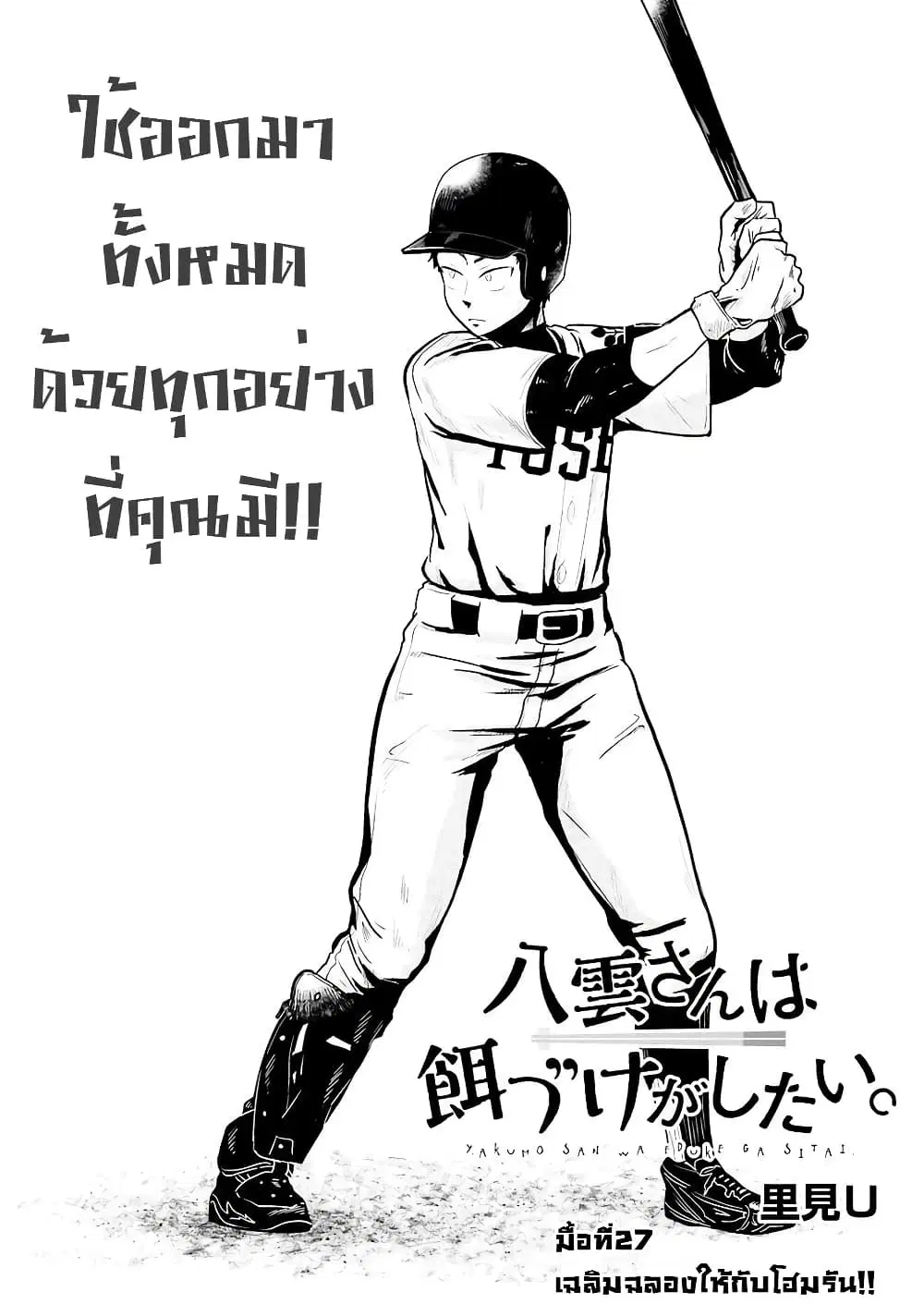Yakumo-san wa Edzuke ga Shitai. ตอนที่ 27 หน้า 3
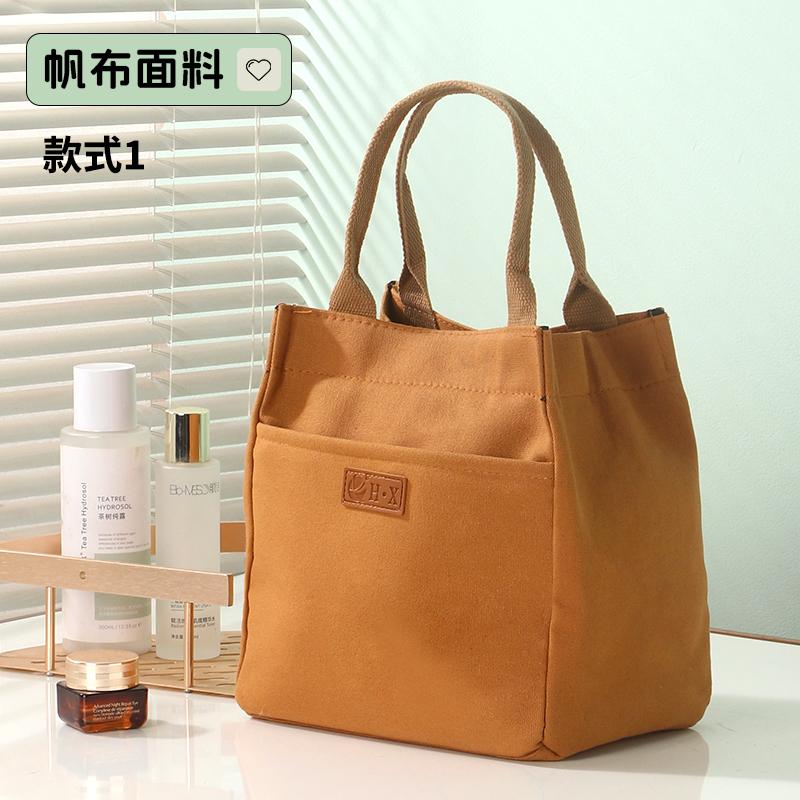 女士帆布包带饭手提包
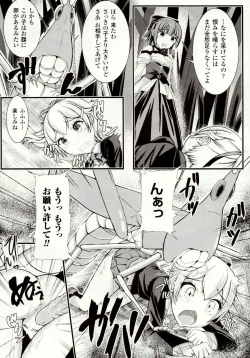 Page 40 of Mushi Karami Emaki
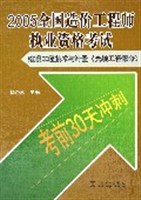 2005全国造价工程师执业资格考试 pdf epub mobi 电子书 下载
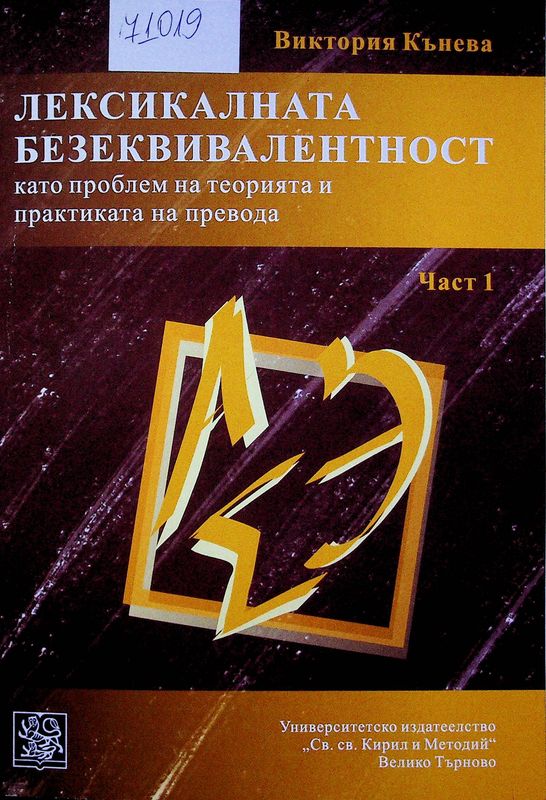 Лексикалната безеквивалентност като проблем на теорията и практиката на превода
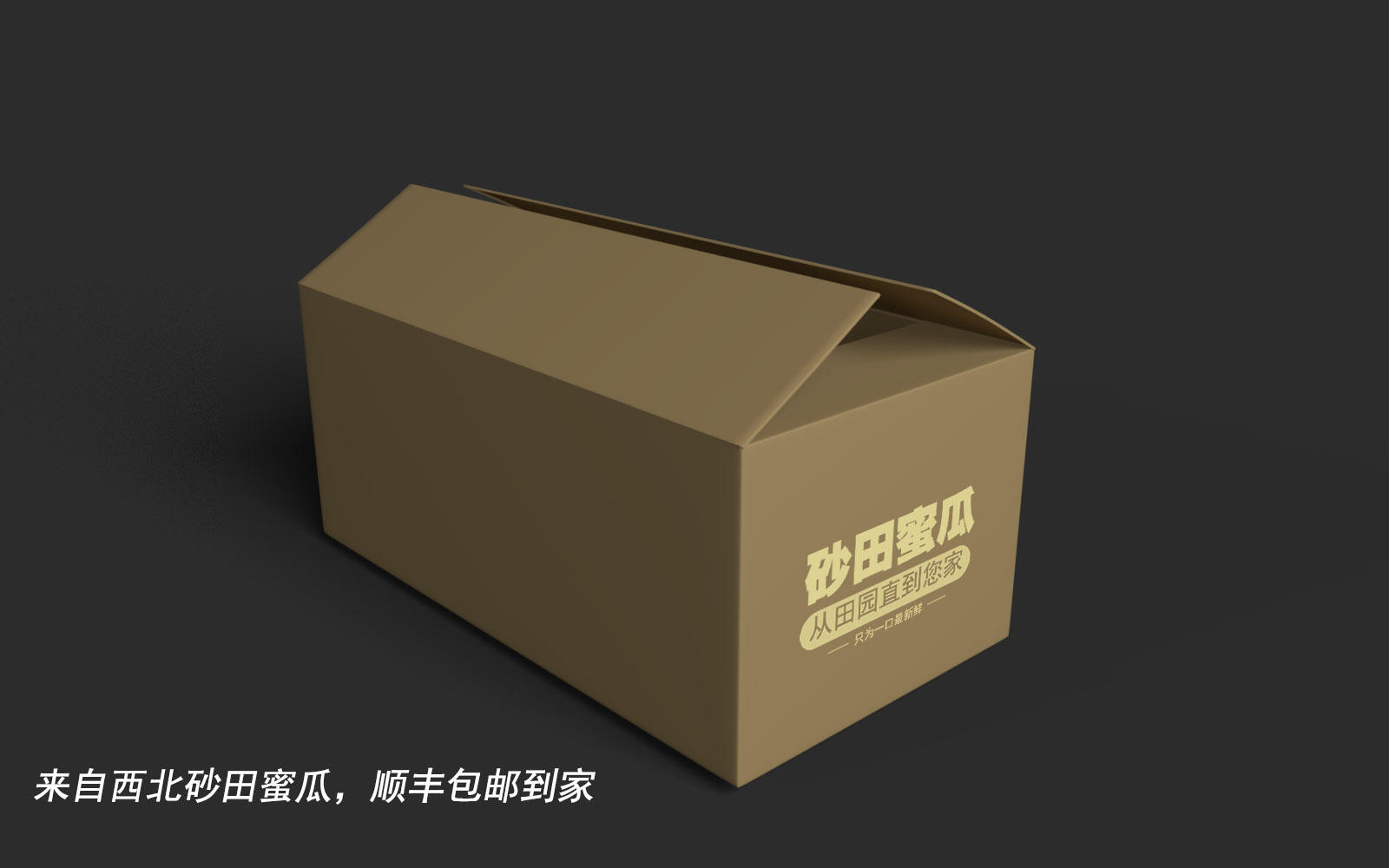 都热成什么亚子啦!网友:39℃的天,我只想来口蜜瓜压压惊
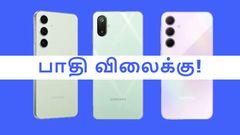 என்னது இந்த போன்லாம் பாதி விலைக்கு கிடைக்குதா! செஞ்சிவிட்ட Samsung.. S, A, M, F-சீரீஸ்னு 1 விடாம விலைகுறைப்பு!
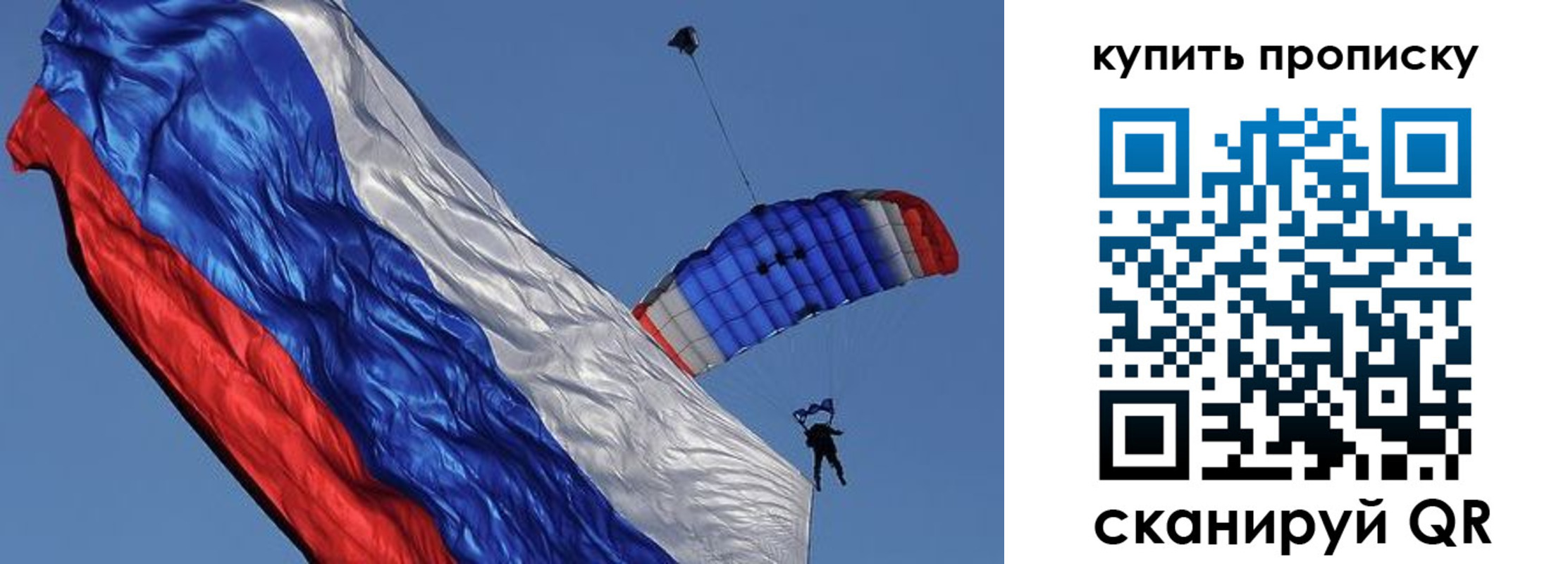 временная регистрация купить в Вятских Полянах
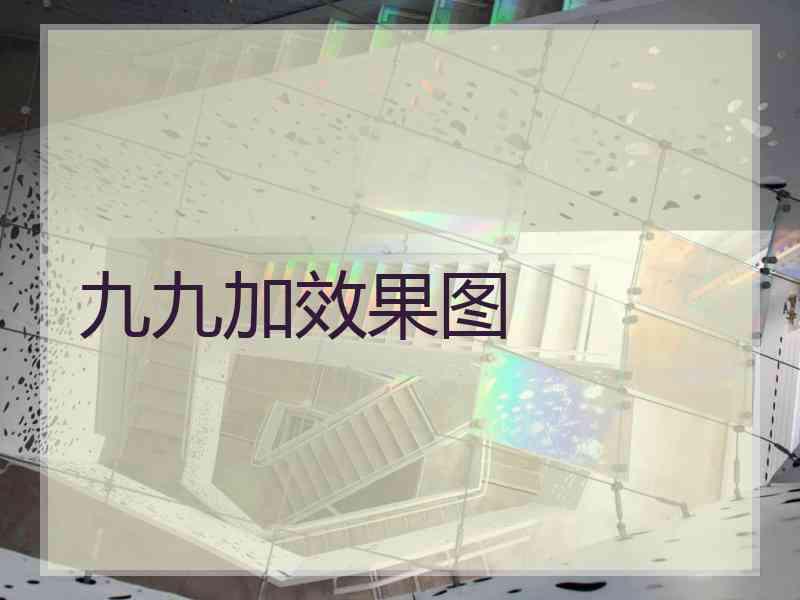 九九加效果图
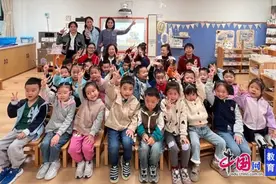 “家”点精彩，“育”见美好 成都武侯七幼举行家长进课堂活动图片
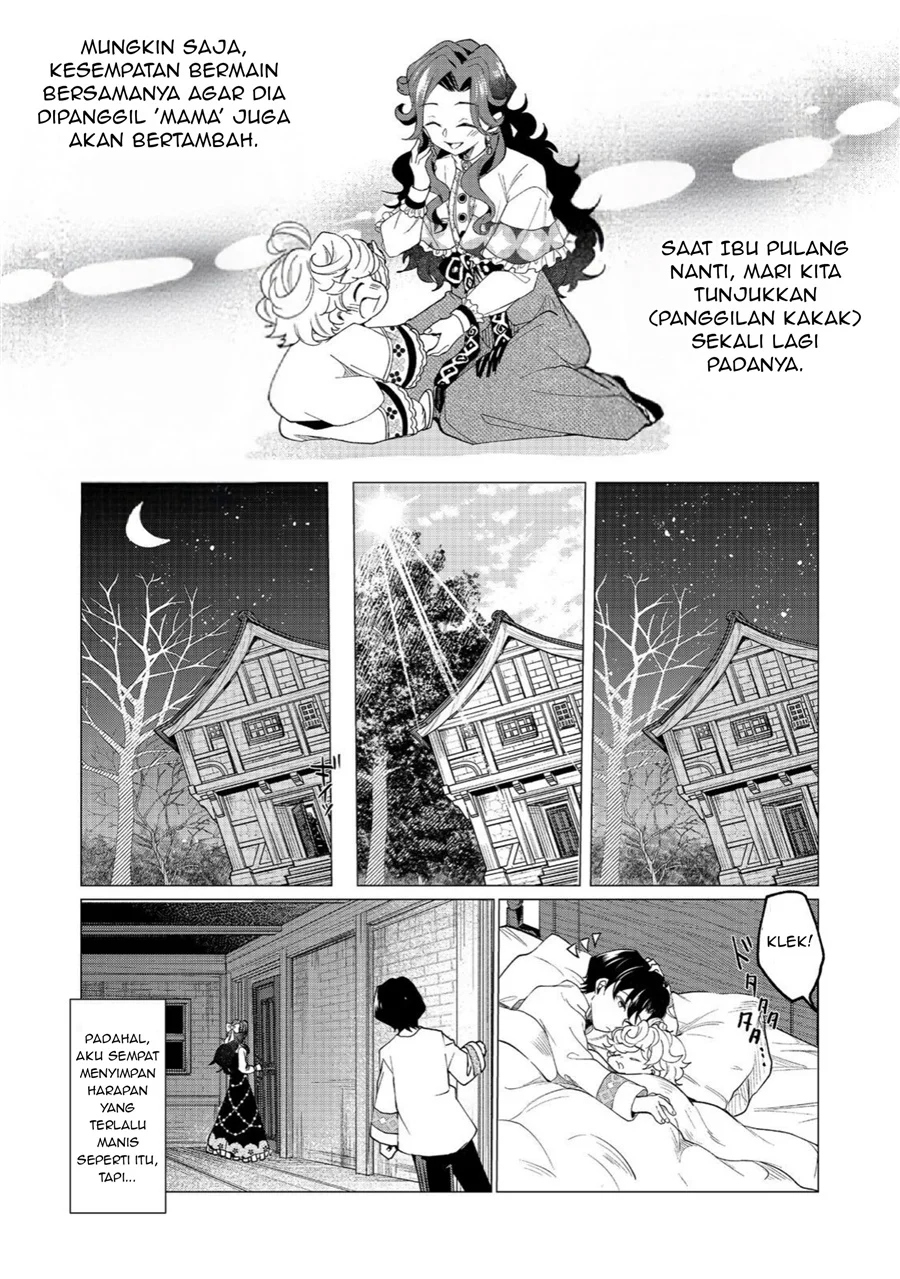 Sofubo Wo Tazunete Iede Kyodai Ni Nin Tabi Haha to No Wakare, Nigiyakana Tabiji Chapter 3.1 - halaman 10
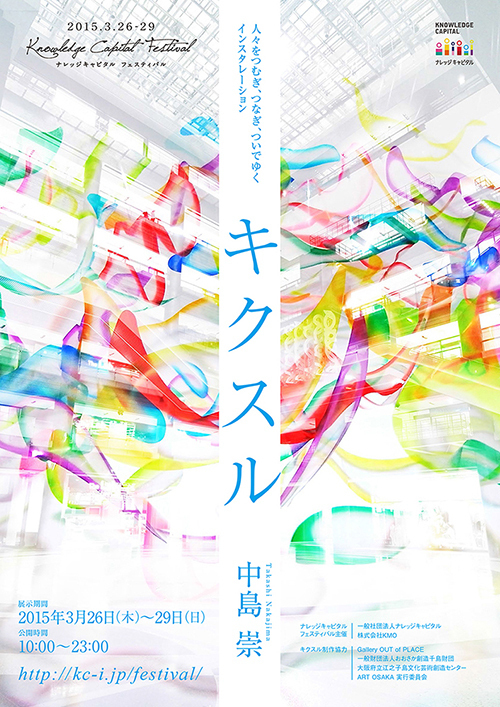 ナレッジキャピタルフェスティバルが大阪で開催 - 参加型の巨大インスタレーション等のアート作品も登場｜写真3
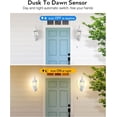 thumbnail image 5 of VIANIS Dawn to Dusk Outdoor Light Fixture, White Exterior Wall Light Lantern for Coach, Outside Porch Lights for House, 100% Aluminum Waterproof Outdoor Sconces Wall Lighting Garage Lights Wall Mount, 5 of 8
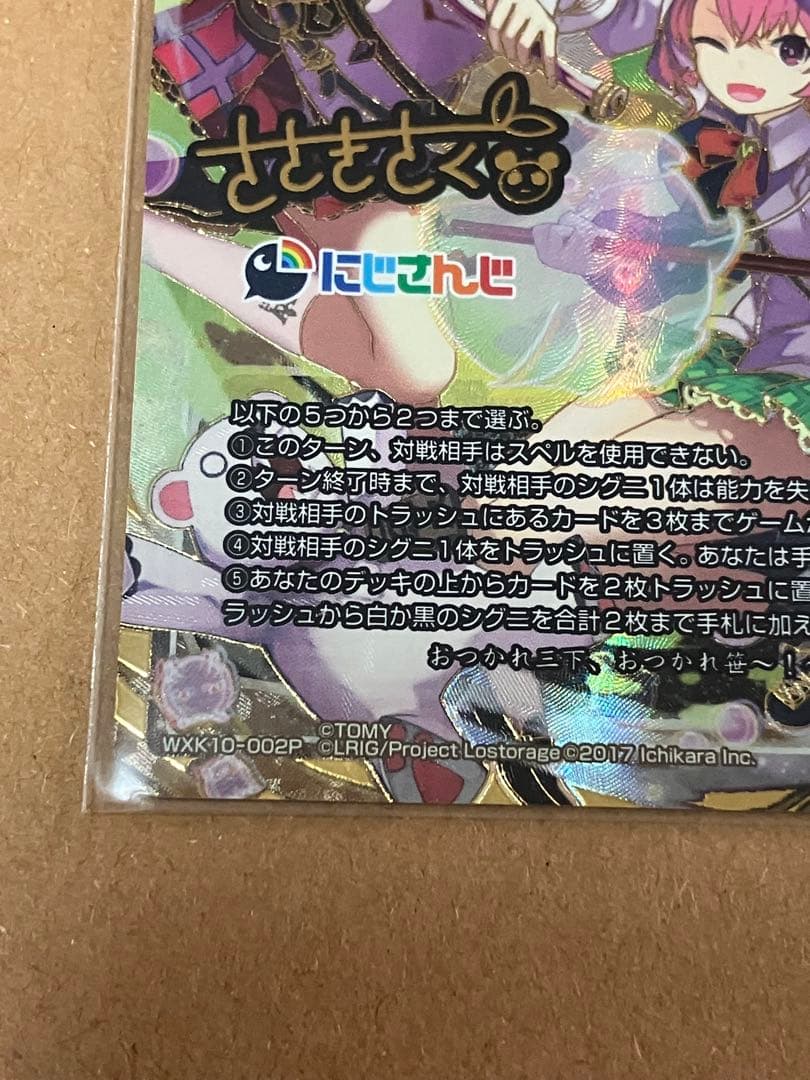 メンダコギロチン　さくゆい　笹木咲　椎名唯華 WIXOSS　ウィクロス　LRP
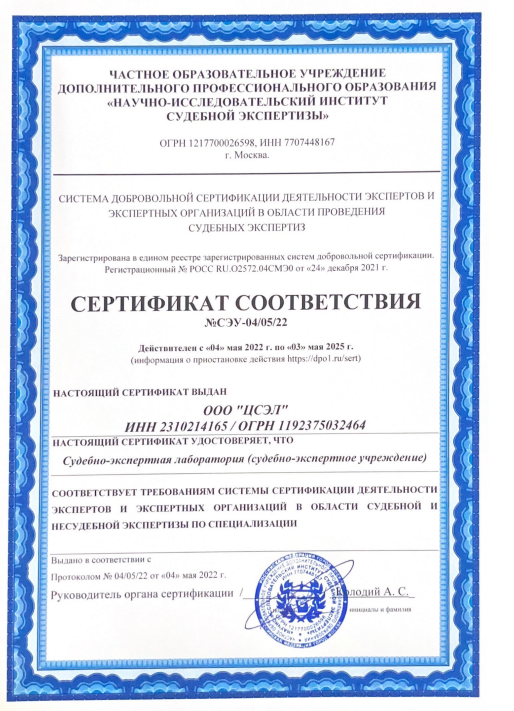 Сертификат соответствия №СЭУ-04/05/22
○ ○ ○ ○ ○
:: What to work on ::
Take the data above and repeat it exactly, leaving each picture out.

:: Your solution ::
Yakumo-san wa Edzuke ga Shitai. ตอนที่ 27 หน้า 3
 女士帆布包带饭手提包
 Page 40 of Mushi Karami Emaki
 2005全国造价工程师执业资格考试 pdf epub mobi 电子书 下载
 Лексикалната безеквивалентност като проблем на теорията и практиката на превода
 都热成什么亚子啦!网友:39℃的天,我只想来口蜜瓜压压惊
 என்னது இந்த போன்லாம் பாதி விலைக்கு கிடைக்குதா! செஞ்சிவிட்ட Samsung.. S, A, M, F-சீரீஸ்னு 1 விடாம விலைகுறைப்பு!
 временная регистрация купить в Вятских Полянах
 九九加效果图
 “家”点精彩，“育”见美好 成都武侯七幼举行家长进课堂活动图片
 Sofubo Wo Tazunete Iede Kyodai Ni Nin Tabi Haha to No Wakare, Nigiyakana Tabiji Chapter 3.1 - halaman 10
 ナレッジキャピタルフェスティバルが大阪で開催 - 参加型の巨大インスタレーション等のアート作品も登場｜写真3
 thumbnail image 5 of VIANIS Dawn to Dusk Outdoor Light Fixture, White Exterior Wall Light Lantern for Coach, Outside Porch Lights for House, 100% Aluminum Waterproof Outdoor Sconces Wall Lighting Garage Lights Wall Mount, 5 of 8
 メンダコギロチン　さくゆい　笹木咲　椎名唯華 WIXOSS　ウィクロス　LRP
 Сертификат соответствия №СЭУ-04/05/22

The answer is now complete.